Asymptotically Trivial A personal blog on statistics, maths, and coding.

A simple restricted OLS estimator

[ ]

Last week, I attended a presentation on how to estimate large loss trend. The presentation was interesting, and raised the following question: how to incorporate prior knowledge into estimation, so that the uncertainy of the model can be reduced? This is, of course, a very important and widely-studied question. In fact, one reason why Bayesian statistics attract people is that it can incorporate prior knowledge into the model.

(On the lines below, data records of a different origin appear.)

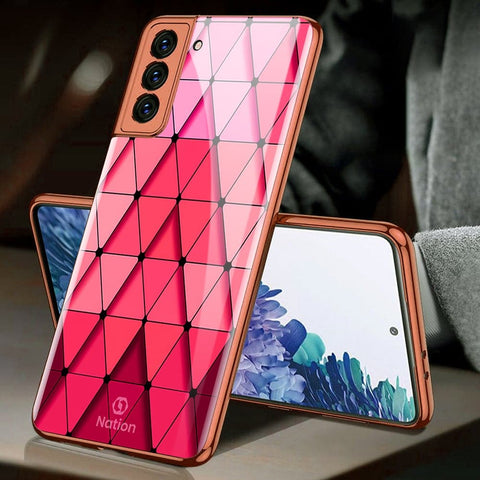 Samsung Galaxy S21 Plus 5G Cover - Onation Pyramid Series - HQ Ultra Shine Premium Infinity Glass Soft Silicon Borders Case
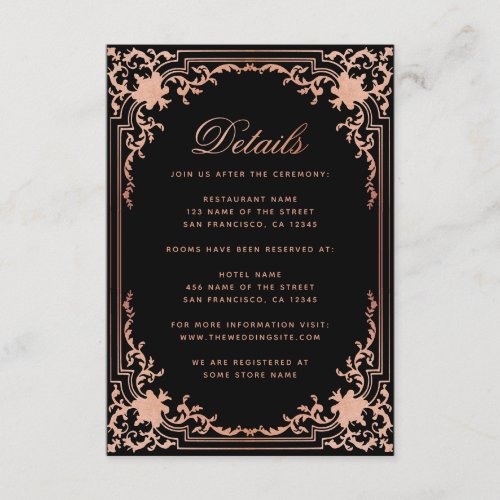 Details Black Pink Vintage Elegant Script Wedding Enclosure Card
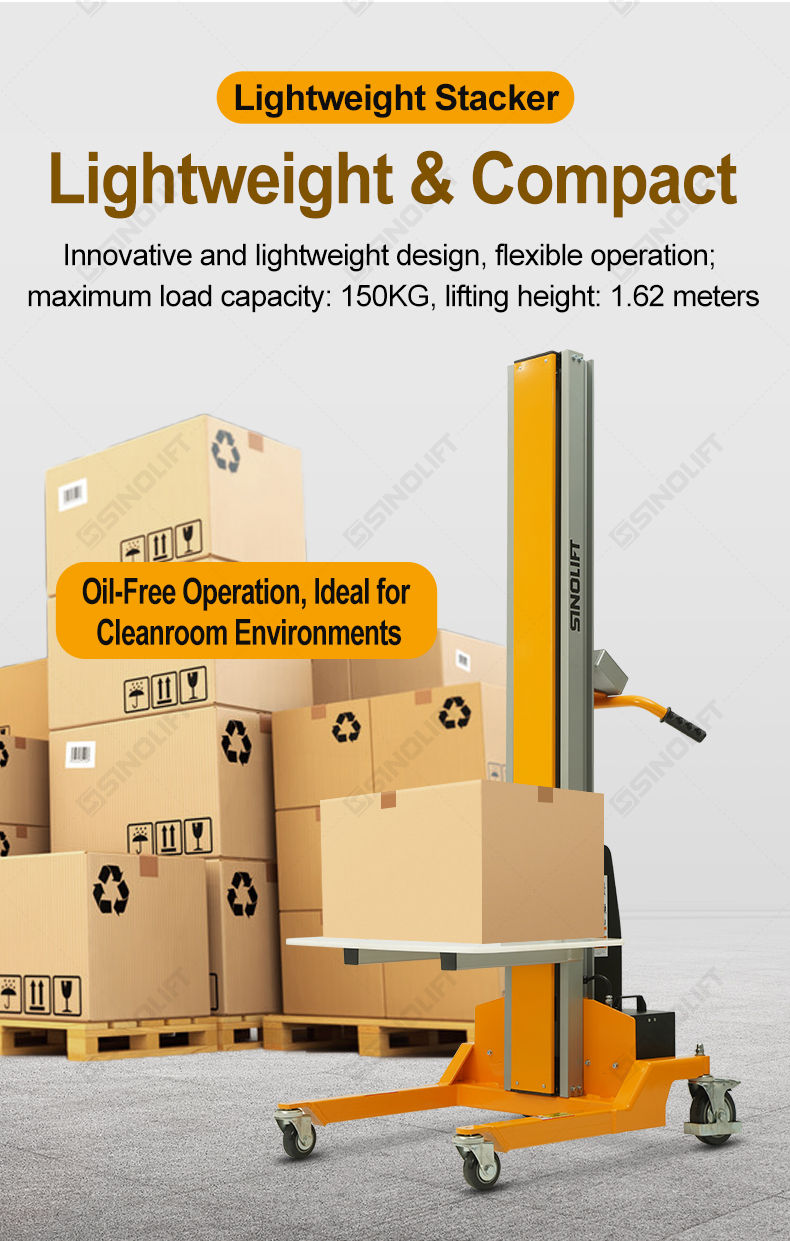 Reliable and durable electric stacker with a strong load capacity and minimal maintenance.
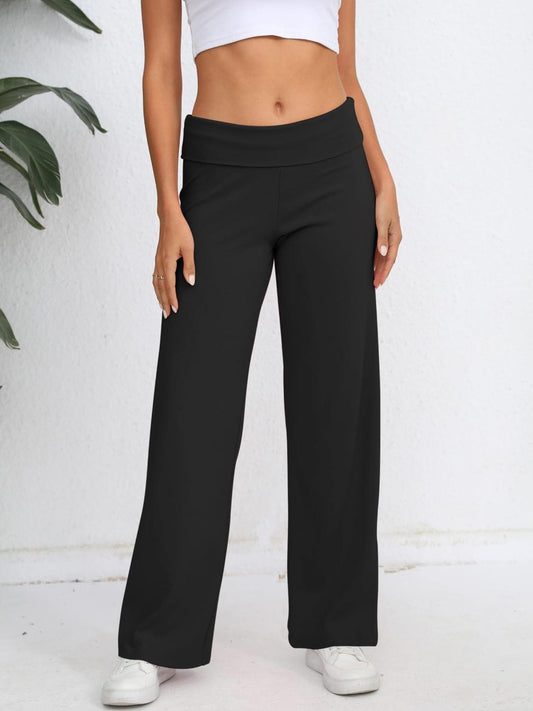 Elastic Waist Wide Leg Pants - Trendsi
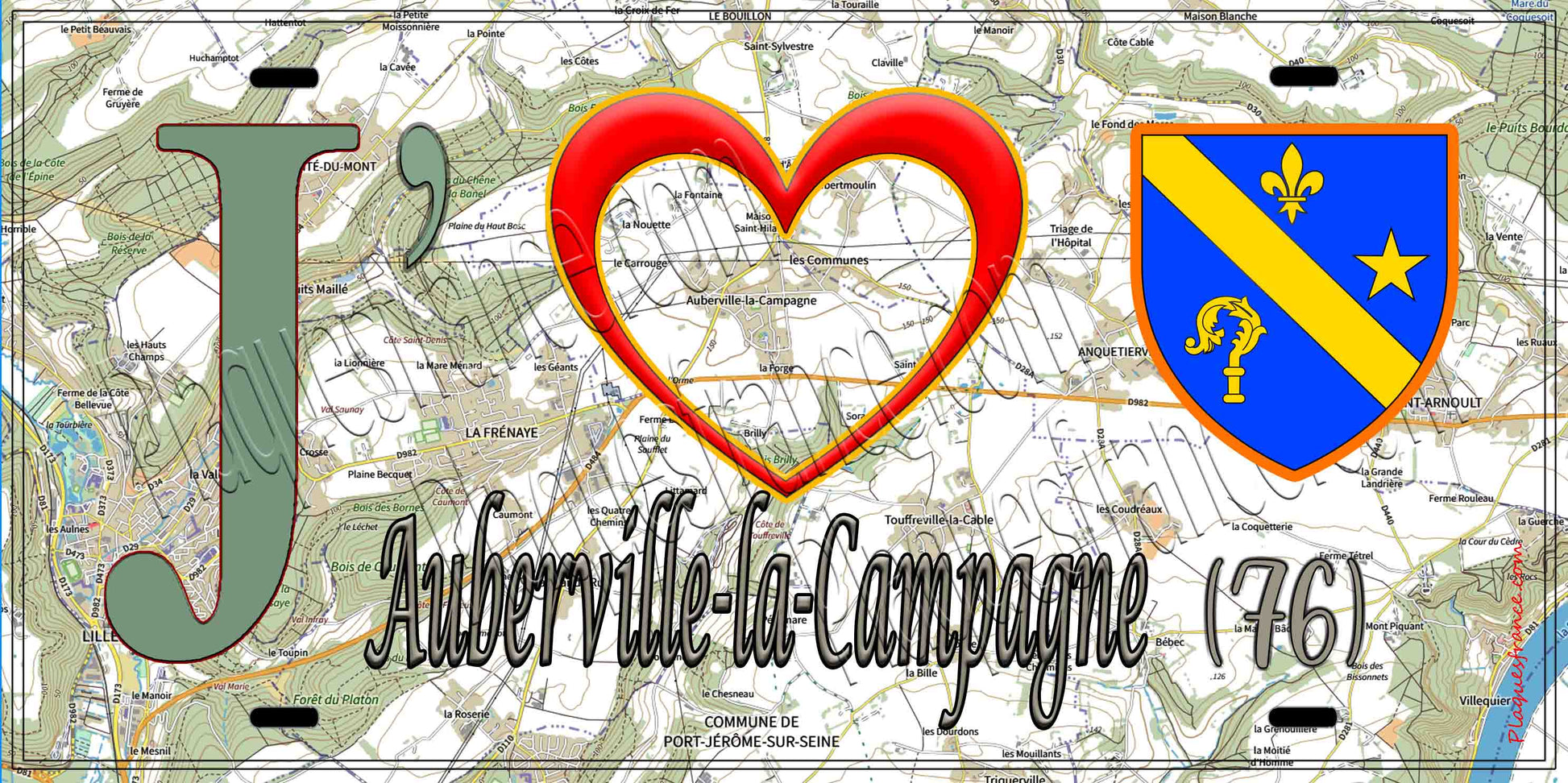Plaque métal décorative 15X30 J' ❤️Auberville-la-Campagne, Seine Maritime (76) géo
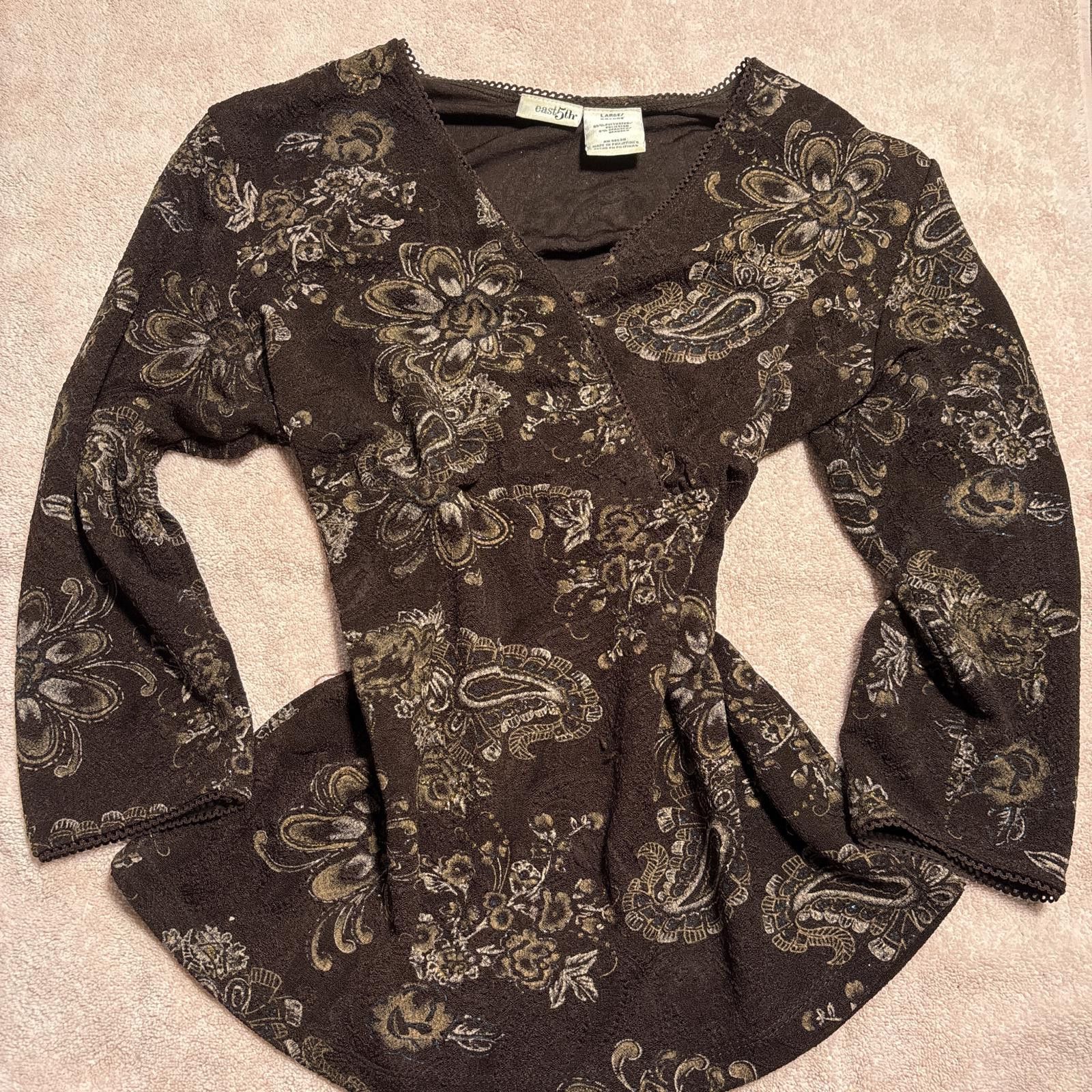 Other y2k fairy core floral brown blouse top Size L / US 10 / IT 46 - 1 Thumbnail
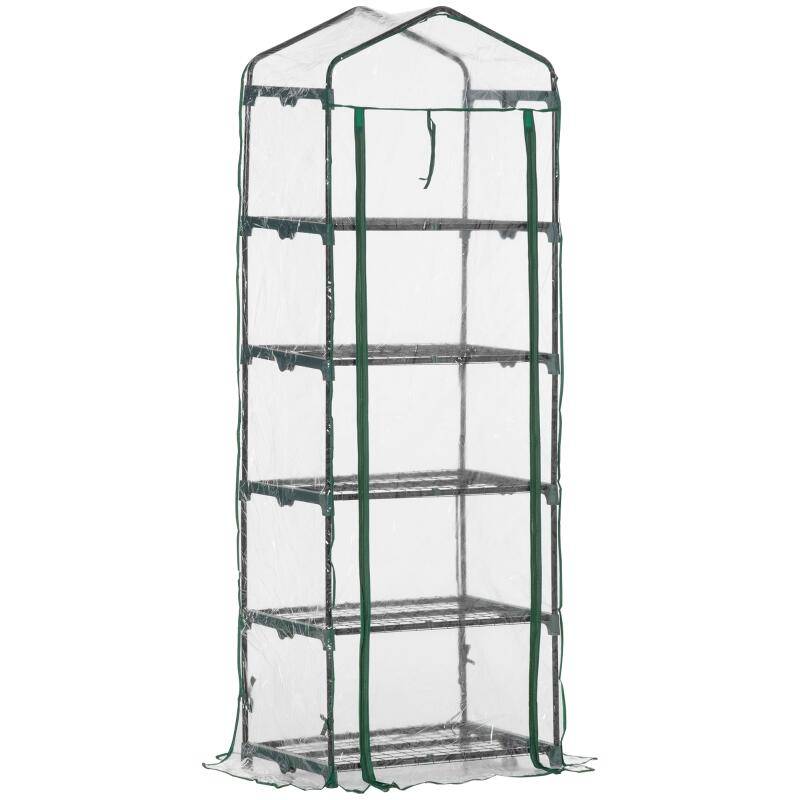ComfortXL - Mini serre de jardin PVC 69 x 49 x 193 cm verte transparente 5 étagères porte enroulable - ComfortXL Outdoor Living - Image 2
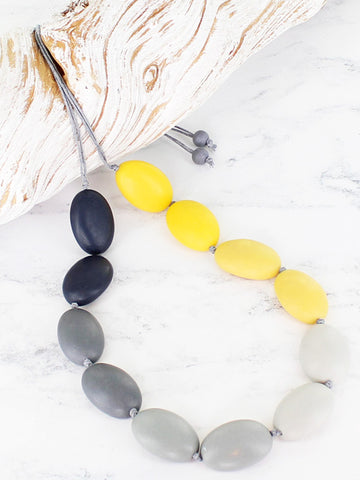 Long Resin Pebble Necklace - Yellows & Greys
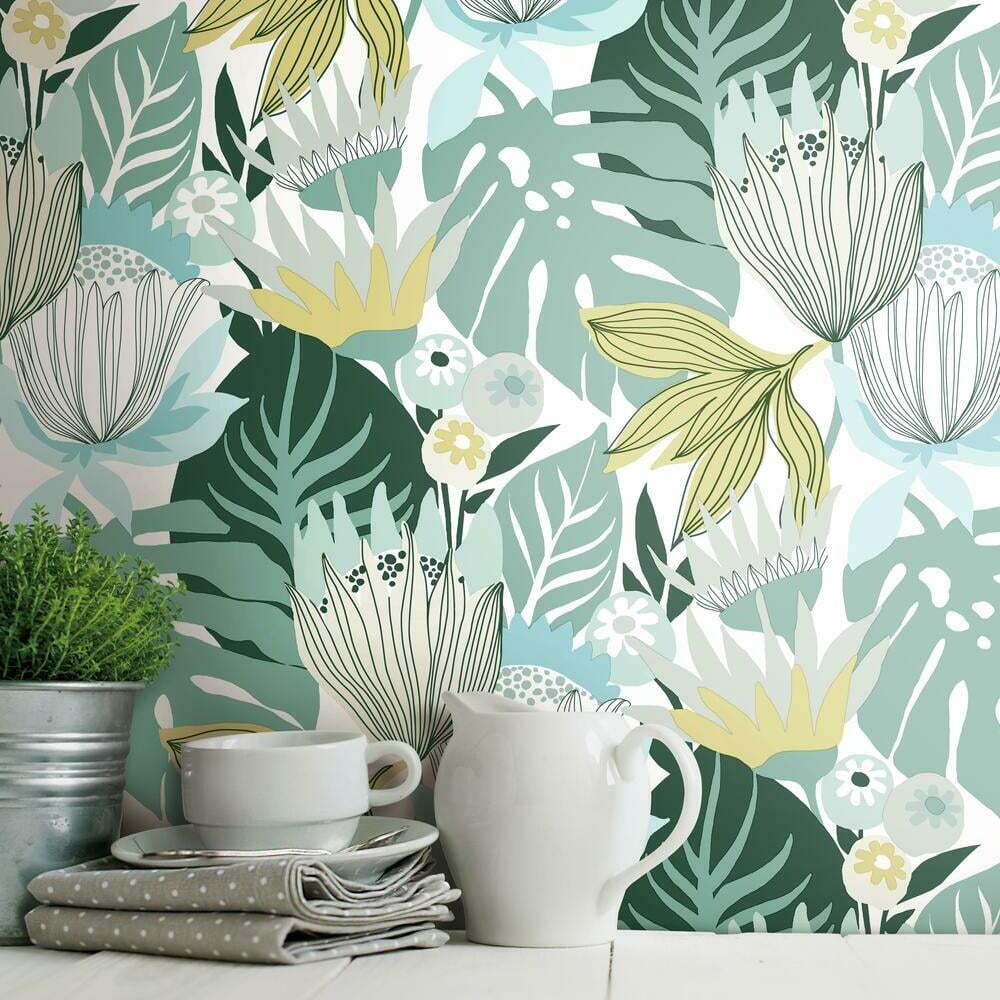 RoomMates Retro Tropical Leaves Peel and Stick Wallpaper (Pink, 20.5 in x 16.5 ft) jncuq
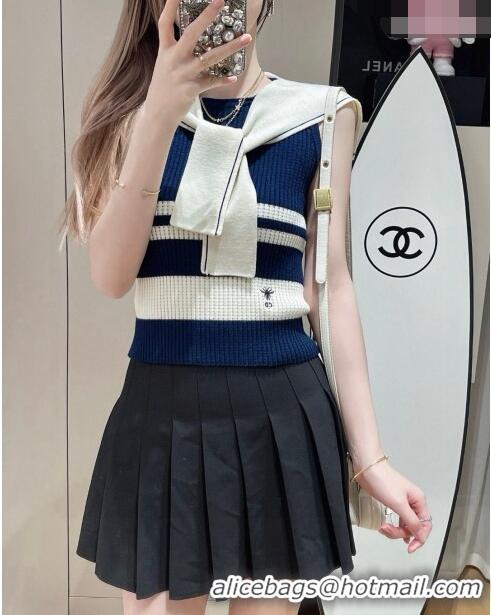 Good Quality Dior Knit Vest 0820 Navy Blue 2024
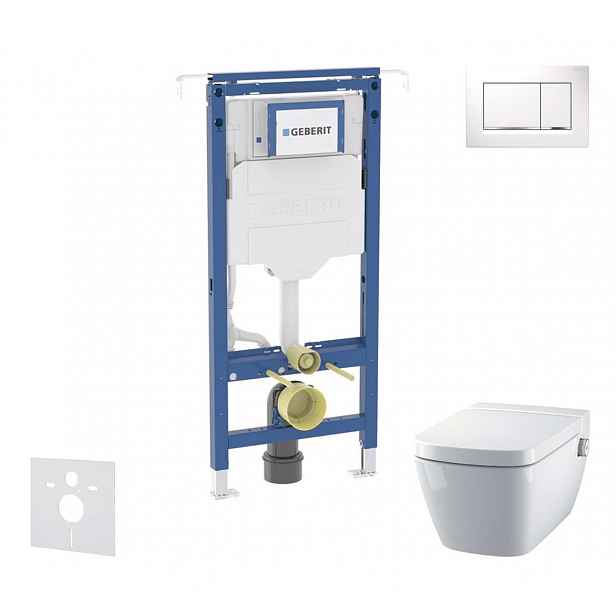 Geberit Duofix - Set předstěnové instalace, klozetu a sedátka Tece One, tlačítka Sigma20, Rimless, SoftClose, bílá/lesklý chrom SANI11CT3105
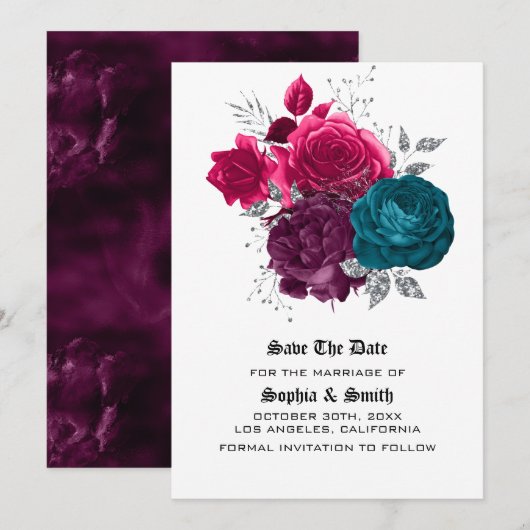 Gothic Florale Hochzeits-Flat-Save-The-Date-Karte Save The Date (Vorne/Hinten)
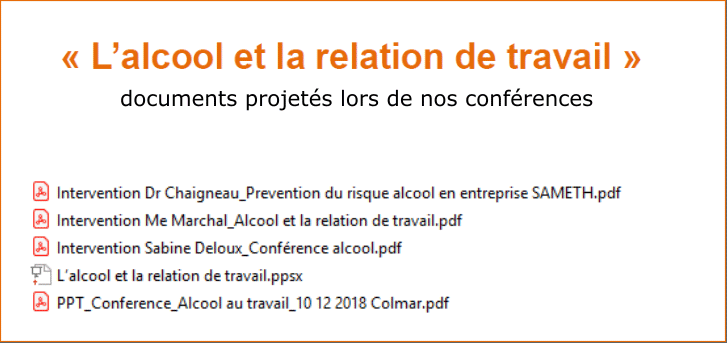Documents projet�s lors de nos conf�rences : l�alcool et la relation de travail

However, since the presentation used a frequentist model, and I am more comfortable with frequentist statistics, I was inspired to think about the following simple question, which is an interesting small exercise:

Question

Consider a simple linear regression model $y_i = \beta_0 + \beta_1 x_i + \epsilon_i$ where the commonly seen assumptions about regression model hold. Here, $\beta_1 > 0$. Denote the OLS estimator of $\beta_1$ as $\hat{\beta}_1$, and define $\hat{\beta}_1^+ = \max \{0, \hat{\beta}_1 \}$. Compare the performance of $\hat{\beta}_1$ and $\hat{\beta}_1^+$.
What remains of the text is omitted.